2 Kasım 2013 Cumartesi



            KAMUSAL  İNKAR

            DR.CEM  ŞAHAN

            ‘’İlkadım ve Canik ilçelerini birbirinden ayıran ve Karadeniz'e dökülen Mert Irmağı'nda balık ölümleri yaşanıyor. Güzeldere Mahallesi'nden ve Karadeniz'e kadar yaklaşık 6 kilometre boyunca balık ölümleri görüldü. Güzeldere Mahallesi Muhtarı Seyfettin Algül, her yıl ağustos ayında ırmakta balık ölümlerinin yaşandığını söyledi. Bazı köylerin kanalizasyonlarının arıtılmadan ırmağa aktarıldığını belirten Algül, "Irmağın her yıl bu aylarda kirlenmesine anlam veremedik. Bazen ırmak bulanık akıyor ve arkasından da balık ölümleri başlıyor. Mahallemizden başlayan balık ölümleri 6 kilometre boyunca devam ediyor. Gıda Tarım ve Hayvancılık İl Müdürlüğü yetkililerinin bir an önce ırmakta bilimsel araştırma yapmasını istiyoruz" diye konuştu. Vatandaşların ölü balıkları ırmaktan topladığını bildiren Algül, ölü balıkların yenmemesi gerektiğini söyledi.’’’

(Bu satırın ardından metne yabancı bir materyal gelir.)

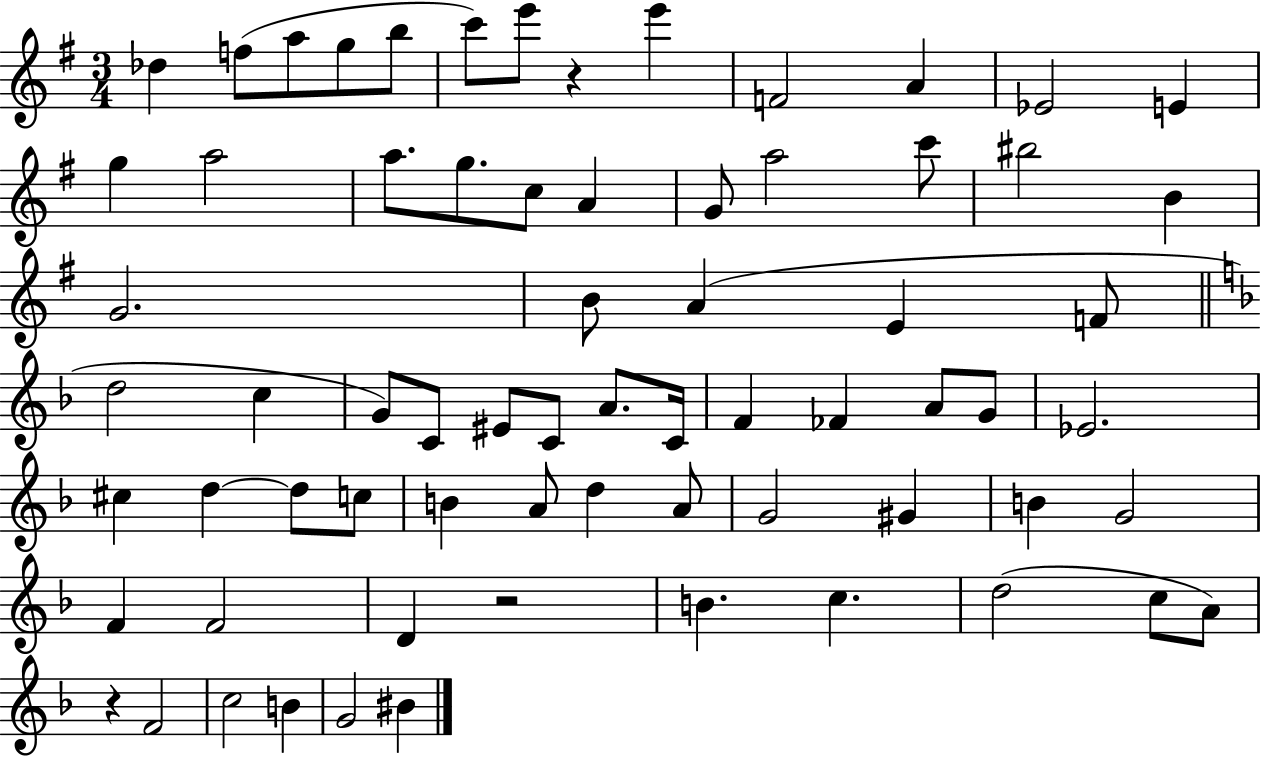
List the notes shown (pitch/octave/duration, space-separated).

Db5/q F5/e A5/e G5/e B5/e C6/e E6/e R/q E6/q F4/h A4/q Eb4/h E4/q G5/q A5/h A5/e. G5/e. C5/e A4/q G4/e A5/h C6/e BIS5/h B4/q G4/h. B4/e A4/q E4/q F4/e D5/h C5/q G4/e C4/e EIS4/e C4/e A4/e. C4/s F4/q FES4/q A4/e G4/e Eb4/h. C#5/q D5/q D5/e C5/e B4/q A4/e D5/q A4/e G4/h G#4/q B4/q G4/h F4/q F4/h D4/q R/h B4/q. C5/q. D5/h C5/e A4/e R/q F4/h C5/h B4/q G4/h BIS4/q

            Geçen ay aynen  yukarıdaki  satırlardaki  gibi  verdi  haberi  ulusal  ve  yerel  medya ..

            Sonra  bir  iki  yetkili, açıklama  yaptı.  Araştırıyoruz  diye..

            Zaman her şeyin  ilacıydı  çünkü.

            Zaten  ne  ihmali  olabilirdi ki  kamunun..

            Denetim, hele sermayenin  denetimi  onlara mı  düşmüştü.

            Sonra  Samsun  Haber  Gazetesinin  başyazarı  yazdı köşesinde:

            ‘’ balık ölümleri/ açıkça görüldüğü halde;/ devletin iki kurumunun/ iki farklı raporu karşısında,ben de şaşırdım kaldım...

            Çevre ve Şehircilik İl Müdürlüğü raporunda, 'Balık ölümleri görülmedi' deniliyor...Devletin bir başka kurumu,Gıda, Tarım ve Hayvancılık İl Müdürlüğü de raporunda;balık ölümlerinden söz edilerek,buna atıkların sebebiyet verdiği belirtiliyor...’’

            …………..

            Bu  şehrin  sorunu tam da  budur.

            Kamusal  inkar..

            Kamusal  inkar,  sadece bu  kentin  sorunu  değildir  aslında.  Tüm  değerlerini  piyasaya  açan,  kamuyu  özel  sermaye  birikimi  için  basamak  gören tüm  yönetim  biçimlerinin  sorunudur  kamusal  inkar.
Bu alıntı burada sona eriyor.